How so? Well, complete transparency is only relevant if we can show both of the following:

  1. The risk of a completely transparent singleton becoming tyrannical is lower than the xrisk reduction benefit we get.

  2. The risk of a non-completely transparent singleton becoming tyrannical is higher that the xrisk reduction benefit we get.

In other words, we can easily show that A is better than B; but we’re trying to compare both with X, and A > B tells us nothing about this. Worse, the distinction between A and B is only relevant if A > X > B (if not, then complete transparency isnt relevant to whether we push for a singleton). Do not confuse better and worse with good and bad...

And to those who might be tempted to argue that a singleton government without a certain feature is intrinsically worthless, and must be opposed at all costs: there are probably democratic countries across the world that lack that feature. Is life in all those countries so intolerable that you would gladly see humanity extinguished rather than live in such a regime?

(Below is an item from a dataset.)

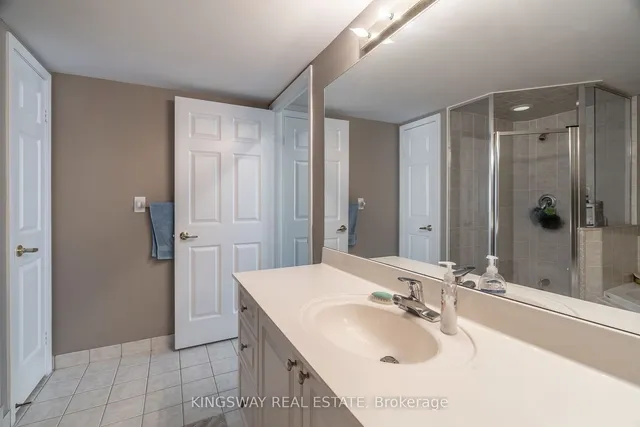 Additional property image - 25 Kingsbridge Garden Circ Unit 2018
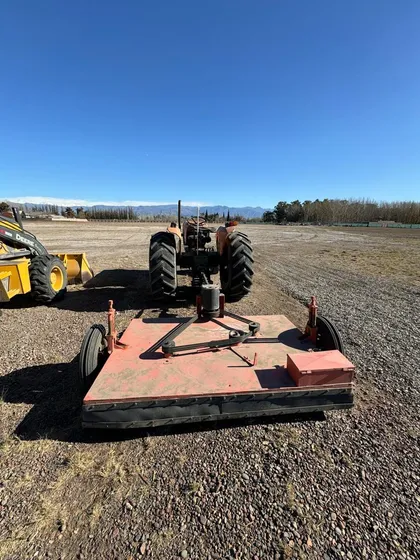 Tractor Fiat Con Desmalezadora.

And if the answer is no, then we’re back to discussing probabilities and relative tradeoffs.

A usual conclusion

As usual, more research is needed (since this is a proto-research project, the opposite would have been somewhat surprising). I’ve laid out what I think is a reasonable plan for tackling the singleton problem: defining a minimalist standard for an acceptable outcome, start with historical analysis and moving into model-building, trying to deal with all the relevant biases along the way, and avoiding exciting contentious issues that are not relevant to the main question. The Xrisk reduction from the singleton should be assessed separately.

But I am not a social scientist, so this approach can and should be much improved. This is the area where those of a social science bent can help! We need you in the FHI/​Less Wrong community. If you or a friend of yours are in that category, I encourage you to take my preliminary plan, ruthlessly trim, expand and discard it, and make it into something workable. And then, maybe, work on it!

The future is unwritten to our eyes; we need to lift the veil just enough to choose the course to follow.